I was looking through google's images... did that adapter come with your z-640's?
google image
I don't have this system so I wasn't aware it came with that adapter.
I think your problem is that you're giving a signal to your fronts and rears but not feeding it a center signal. The sub works because the speakers have an internal crossover and are feeding the sub the low parts of the input it is getting... but the other half of the yellow/brown jack (the center/sub one) isn't getting a signal.
So, you need to get the center a signal. I guess you'd want a mix of the stereo front signal (or stereo back since that adapter is giving you the same signal to the back speakers it appears).
The easiest way to do this is if your motherboard was able to take a line input signal and map it to 5.1 like I mentioned earlier, but I have no idea if it's able to do that.
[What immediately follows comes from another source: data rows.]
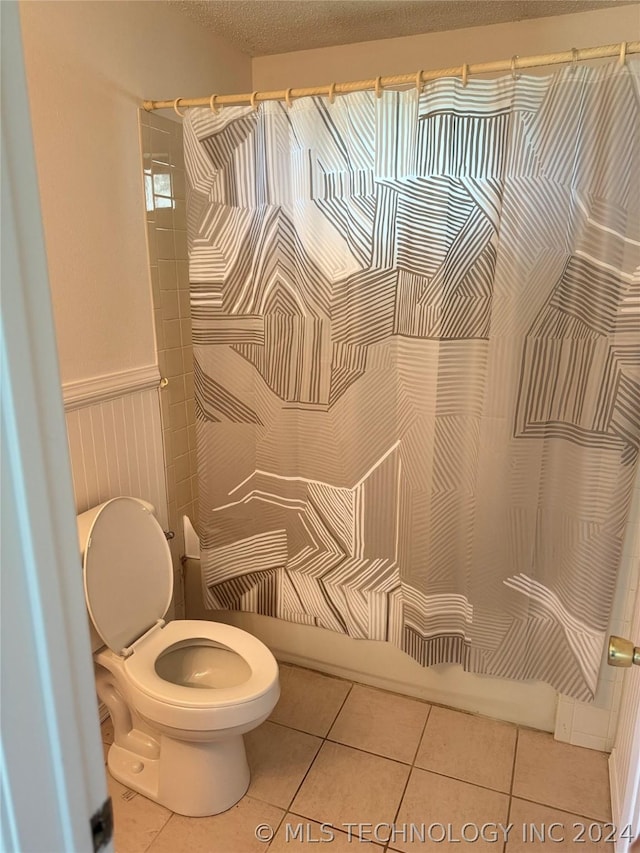 bathroom with tile patterned flooring and toilet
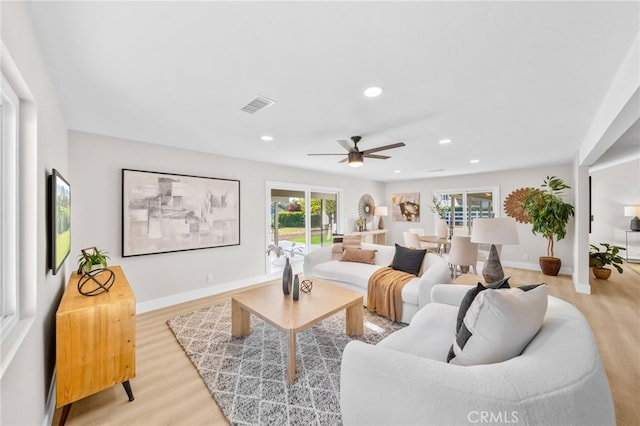 living area featuring light wood-type flooring, ceiling fan, baseboards, and recessed lighting
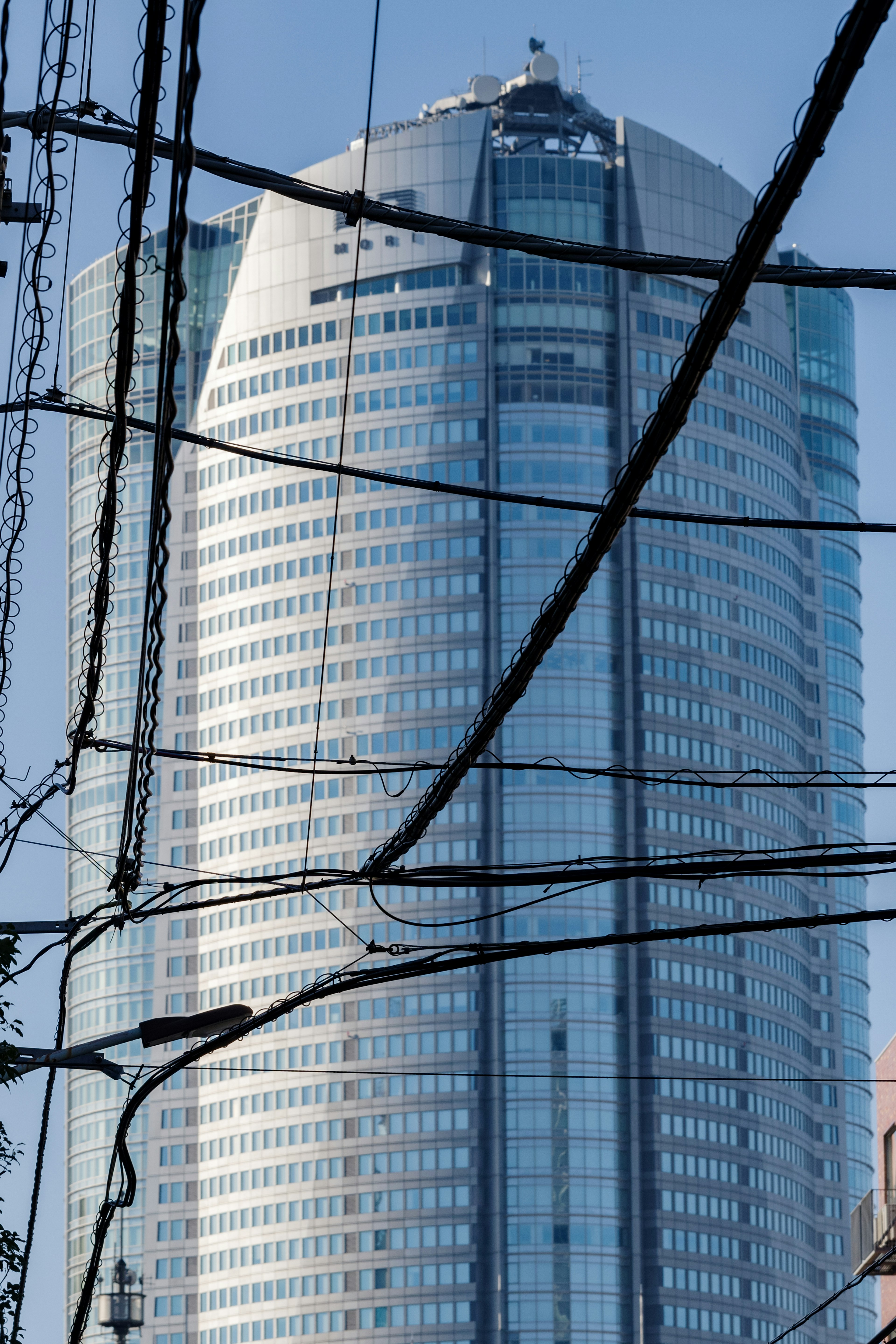 Wolkenkratzer mit Glasfassade, die von Stromleitungen durchzogen wird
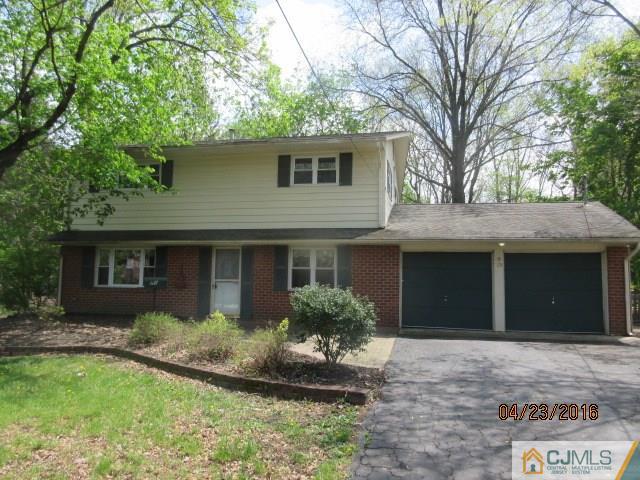 28 Raleigh Road Kendall Park, NJ 08824 - Photo 3 of 16 a front view of a house with a garden and yard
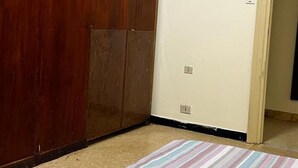 Una stanza con un armadio in legno, un tappeto a righe e una parete semplice.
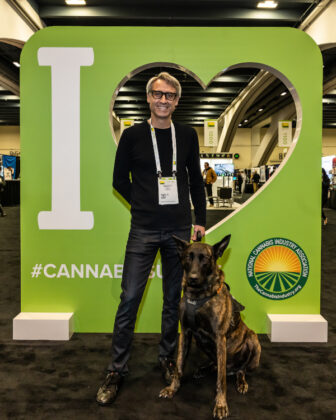 NCIA Cannabis Summit man with dog Mike Rosati photo mg Magazine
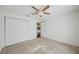 Bedroom with carpet and ceiling fan at 38237 Eucalyptus Dr, Zephyrhills, FL 33542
Another option might be to use the digital out of the x-box (I don't have one, but they have a digital out, right?) and then buy a soundcard that can take a digital in... but that would probably be pretty expensive.
That leaves you with more adapter stuff. I think you'd need to split the signal coming out of the adapter with a y-adapter and then take that stereo signal and somehow combine it and feed it to the center/sub input on the speakers. I've never done this before. Would a simple stereo to mono adapter do this? If so, then you'd just need to add a 1 male to 2 female y-splitter into one of the outputs on the adapter box (the green one let's say). Then you would plug the stereo to mono adapter into one of the outputs. The other half of that y-splitter you'd hook-up the 2 male to 1 female y-splitter you already have hooked up for the fronts. For the end that you just changed to mono, you'd need to get another 2 male to 1 female adapter and plug one of the stereo inputs into the mono adapter and the other into your center/sub output of your motherboard.
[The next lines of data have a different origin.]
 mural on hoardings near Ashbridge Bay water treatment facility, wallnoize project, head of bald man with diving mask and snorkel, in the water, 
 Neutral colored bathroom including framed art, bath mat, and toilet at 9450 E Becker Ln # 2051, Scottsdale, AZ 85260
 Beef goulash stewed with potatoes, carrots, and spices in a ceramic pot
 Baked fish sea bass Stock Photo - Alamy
This working is dependent on a few things that I'm not sure about.
1. The stereo to mono adapter combines the signals into a mix of both
2. A stereo plug will fit into a mono jack and split the signal back into two duplicate signals
I've never used mono stuff, so I'm not quite sure how it works, but I'd imagine that's how they work. I wouldn't try this until someone else tells you this would work.
If you don't understand what I wrote, I can draw you a quick little paint diagram if you want.